Auch sonst reist Nelsons viel, man braucht ihn quasi überall. Sein Zugang selbst zu bekannten Werken ist meist ein Ohrenfeger, ein Augenöffner. Eigenwillig und gar nicht alltäglich etwa eines der jüngeren CD-Projekte: "Seine" beiden Orchester, das Gewandhausorchester Leipzig und das Boston Symphony Orchestra, veröffentlichten gemeinsam eine Sieben-CD-Box mit den Orchesterwerken von Richard Strauss.

Andris Nelsons, der seine Karriere als Trompeter im Orchester der Lettischen Nationaloper begann und übrigens auch schon Chef beim City of Birmingham Symphony Orchestra war, pflegt auch ein gutes Verhältnis zu den Wiener Philharmonikern. 2020 durfte er das Neujahrskonzert dirigieren.

Und nun am Sonntag also die Wiener Philharmoniker und Andris Nelsons mit Werken von Gustav Mahler und Bela Bartók bei den Salzburger Festspielen im Großen Festspielhaus: Die Symphonie Nr. 5 cis-Moll von Meister Mahler, die ganz besonders coole mit dem monumentalen Trauermarsch, dem beinah irrsinnigen Scherzo und dem überirdischen Adagietto: Das Herz geht einem jedes Mal über – mit den ersten Tönen.

Der Rattenfänger

Man hat wohl einiges davon, besonders im ersten und im zweiten Satz, weniger episodisch und mehr aus einem Guss erlebt. Aber spätestens mit dem aberwitzigen Scherzo hat der Rattenfänger am Pult sein Gefolge im Griff.

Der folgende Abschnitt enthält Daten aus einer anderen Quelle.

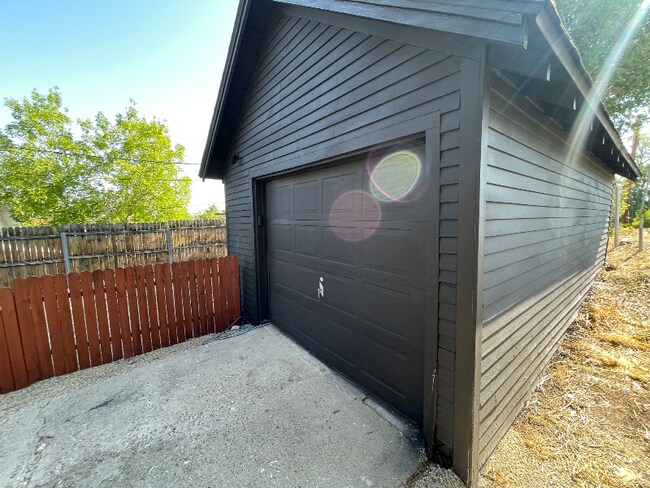 Building Photo - 627 S Melrose St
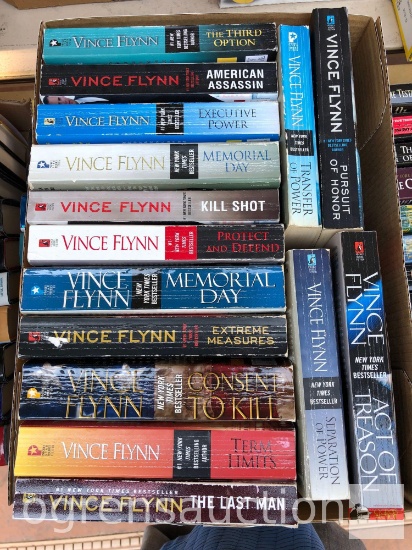Books - Novels - 15 Vince Flynn, paperback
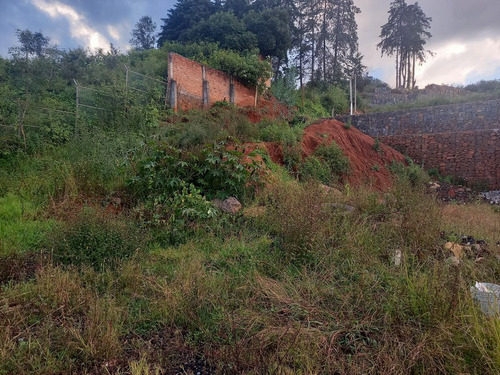 Se Vende Terreno En Pátzcuaro, 11x33 Frente A La Uvaq, Sobre Abarca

Der Jubel im Festspielhaus ließ die Wände wackeln und die eh schon auf Schiene befindliche Renovierung noch ein wenig dringlicher erscheinen lassen ...

Der beinah noch größere Klassikhit wurde zuvor von und mit Pianist Yefim Bronfman gezündet: Voll Energie, Power und Drive vom ersten Ton an fetzte die wilde Jagd durch Béla Bartóks Konzert für Klavier und Orchester Nr. 2 G-Dur Sz 95. Das klingt zwar quasi "klassisch", ist aber nicht nur eines der schwersten, für den Solisten nämlich, Klavierkonzerte des Repertoires, sondern für die Zuhörer auch eines der mitreißendsten.

Und so kam es: Voll der überraschendsten musikalischen, rhythmischen und agogischen Extreme war die Interpretation. Gerne würde man nach diesem musikalischen "Naturereignis" den Werktitel erweitern und künftig als "Konzert mit dem Wumms für Klavier, Pauke und Orchester" firmieren lassen: Chapeau für alle, Nelsons, die Wiener, Bronfman und den philharmonischen Paukenspieler. (Heidemarie Klabacher, 8.8.2022)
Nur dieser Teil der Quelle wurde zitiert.